(Records for this task)
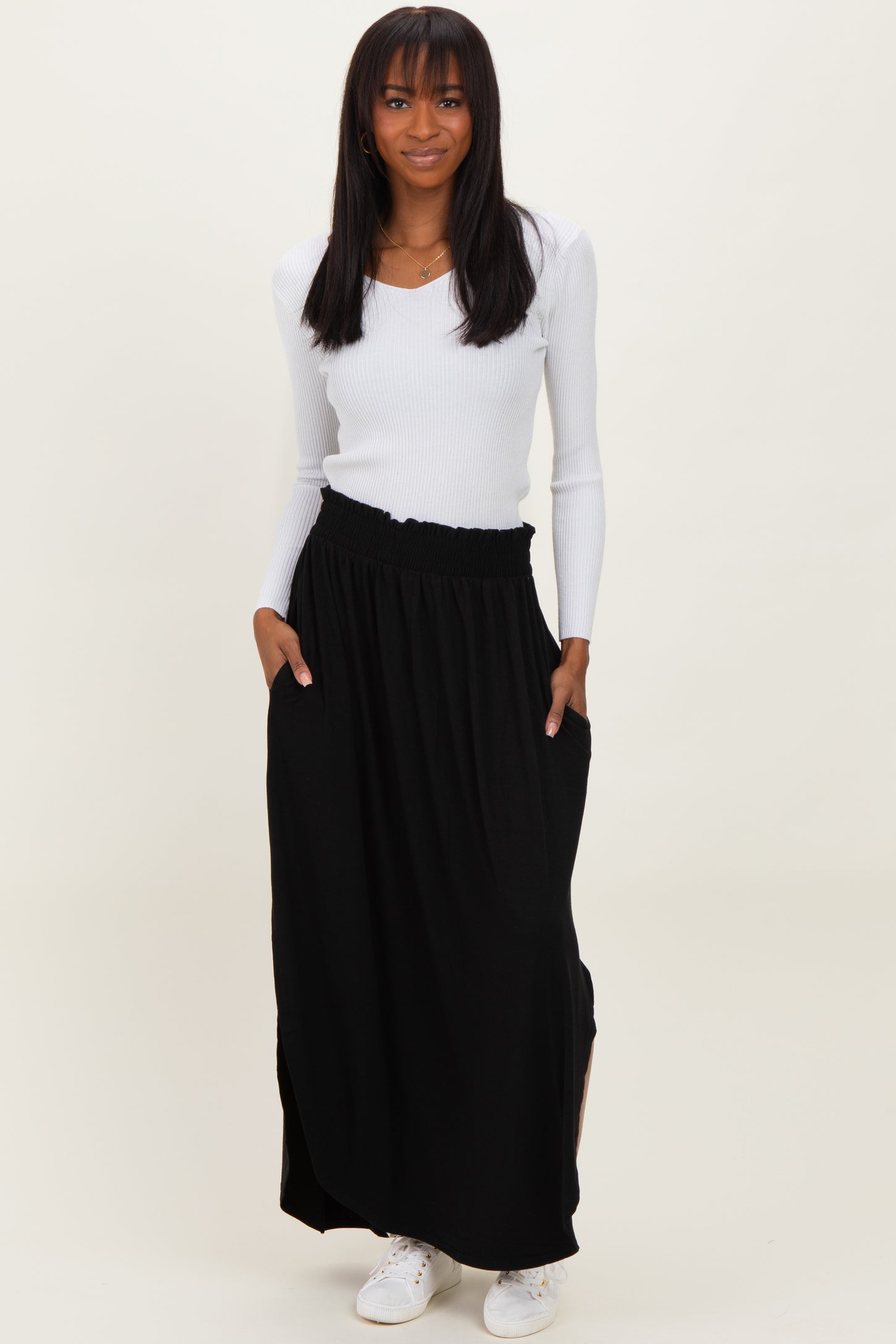 woman wearing a white ribbed long sleeve top and a black maxi skirt with pockets, standing against a neutral background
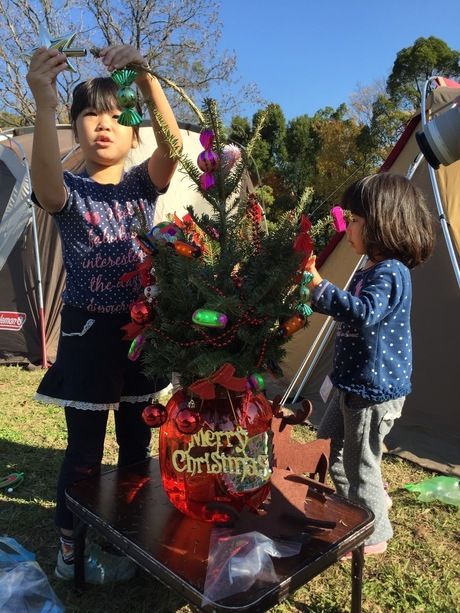 クリスマスツリーに飾りをする子供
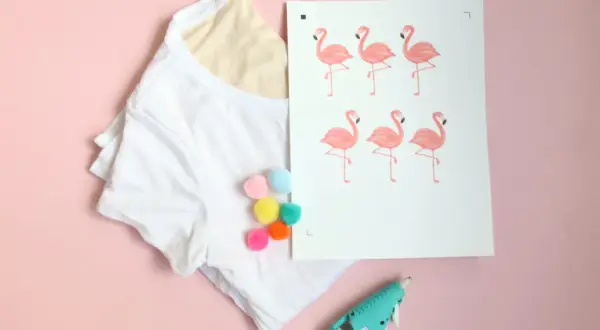 White t-shirt with colorful pom-poms, a print of pink flamingos, and a hot glue gun on a pink background.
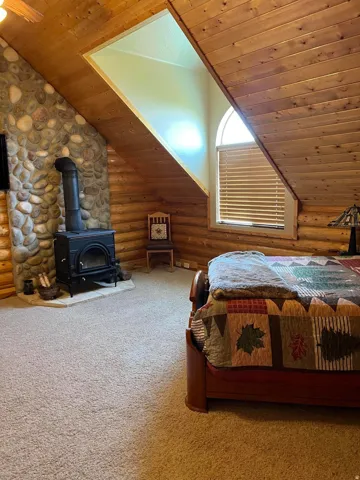 Wood-paneled sloped ceiling, exposed log walls, stone hearth, and an arched window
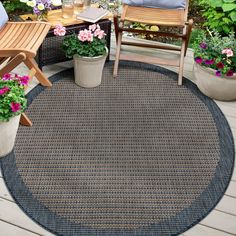 an outdoor area rug with chairs and potted plants on the deck in front of it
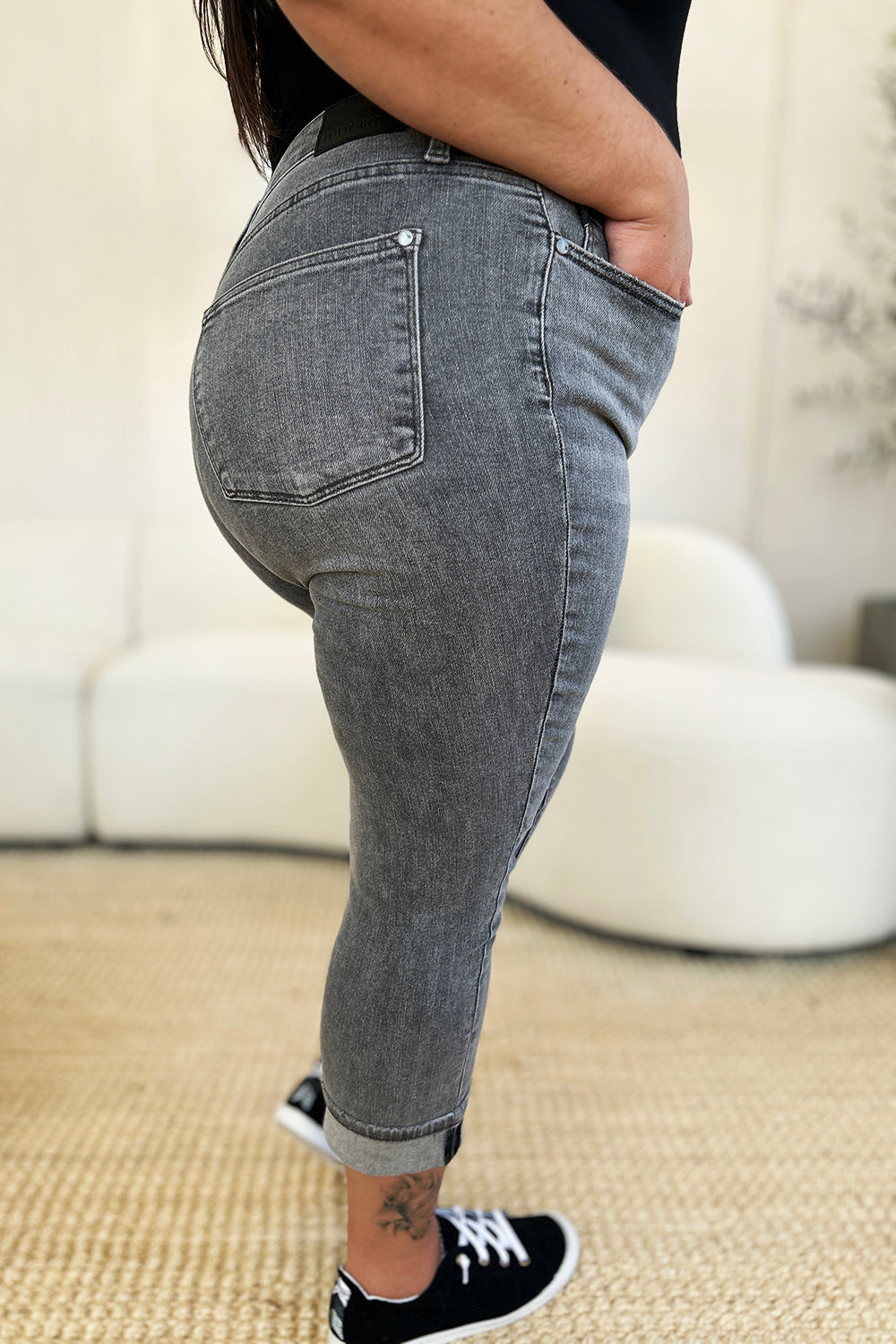 A person wearing Judy Blue Full Size Button Fly High Waist Cuffed Capris in gray, paired with a white top and white sneakers, stands on a beige carpeted floor.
(End Records for this task)
= Your task =
Nothing but the exact text of the records should appear in your answer, with no pictures. Please write it out.

= Response area =
 woman wearing a white ribbed long sleeve top and a black maxi skirt with pockets, standing against a neutral background
 クリスマスツリーに飾りをする子供
 White t-shirt with colorful pom-poms, a print of pink flamingos, and a hot glue gun on a pink background.
 Wood-paneled sloped ceiling, exposed log walls, stone hearth, and an arched window
 an outdoor area rug with chairs and potted plants on the deck in front of it
 A person wearing Judy Blue Full Size Button Fly High Waist Cuffed Capris in gray, paired with a white top and white sneakers, stands on a beige carpeted floor.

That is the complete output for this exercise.